Silence followed this question. Poulton was frowningly studying his finger-tips. After a moment he again looked up. "Yes, I see. You are bound to ask me that. I shall make no secret of the fact that my call was not of a friendly nature. Mrs. Haddington had been ringing up my house to ask for news of my wife: I went to Charles Street to inform her that my wife was unwell, and that it was my fixed intention to put an end to the intimacy that had hitherto flourished between them."
"Yes, sir? And why was that your fixed intention?"
"I did not care for the connaissance."
"That, sir, is not quite a good enough answer."
Poulton smiled faintly. "I suppose not. Very well, Chief Inspector! I see that I must rely upon your discretion. Before she married me, my wife was one of the more prominent members of a set which prided itself on its total disregard for accepted conventions. I do not propose to divulge any of her indiscretions to you, but I will say, between these walls, that there had been indiscretions. By some means, unknown to me, Mrs. Haddington had been put in possession of the details of perhaps the most serious of these. The price of her silence was not money, but sponsorship into the class of Society to which my wife holds the key."
"And when, sir, did you discover this?"
"Not, unfortunately, at the time."
"No, sir. Only after Seaton-Carewzs murder, in fact?"
"Recently," amended Poulton.
"Mr.. Poulton, I hope you mean to stop fencing with me. I know a lot more than I did two days ago, and you may believe me when I say that I know beyond doubt that Lady Nest is now in a Home, being cured of the drug-habit. I also know that it was Seaton-Carew who supplied her with cocaine."
He encountered a glance as keen and as searching as a surgeon's scalpel. "Have you proof of that?"
"I have proof that cocaine was found in Seaton-Carew's flat; I have proof that Lady Nest was not his only victim."
"I see." Poulton was silent for a moment. "I was never sure, myself. I suspected him, but no more."
Hemingway waited. After a pause, he said: "Was this the hold Mrs. Haddington had over your wife, sir?"
"No."
"When did you discover that Lady Nest was an - was taking the stuff, sir?"
"After Seaton-Carew's murder, and your visit to my house. How much of what I say to you do you propose to make public property?"
"That will depend on circumstances, sir."
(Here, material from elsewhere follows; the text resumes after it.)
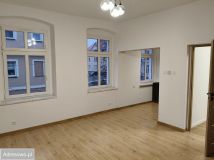 Mieszkanie 3-pokojowe Bielawa, ul. Wolności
Poulton smiled faintly. "I understand you. I did not murder Mrs. Haddington, so I must hope that "circumstance" will not arise. Seaton-Carew's death came as an appalling shock to my wife. Under the stress of'- considerable emotion - she was induced to confide in me. I should add that her nerves have never been robust, and that I did not suspect what you have discovered until an old friend of mine, who is an eminent physician, met her in my house, and - confided to me his suspicion. When the source of her supply was murdered and it seemed probable that you would discover what that source was, I was able to persuade her to go into a Home."
"You knew it was Seaton-Carew?"
"Only on Tuesday night, after his death."
"Did Lady Nest also divulge to you that she had been blackmailed by Mrs. Haddington?"
"She did." Poulton looked steadily at Hemingway. "I visited Mrs. Haddington yesterday to inform her that I was in full possession of all the facts of that old scandal, and that I should have no hesitation, in certain eventualities, in placing the matter in the hands of the police. There was no conceivable reason why I should have murdered her, nor did I do so. I have no more to say than that."
"At what hour did you leave Charles Street, sir?"
"At a quarter-to-seven. I was keeping my eye on the time, for I had a 'plane to catch."
"So far as you know, there was no other visitor on the premises?"
"I saw no one. Mrs. Haddington led me into the room she calls her boudoir. No one was present but ourselves."
"Thank you, sir. I won't keep you any longer now," said Hemingway.
The Inspector, having shown Poulton out, said: "Och, you have let him go, but he is a canny one!"
"I can pick him up any time I want to," Hemingway replied shortly. "I want those two lengths of wire, Sandy! Send down for them!"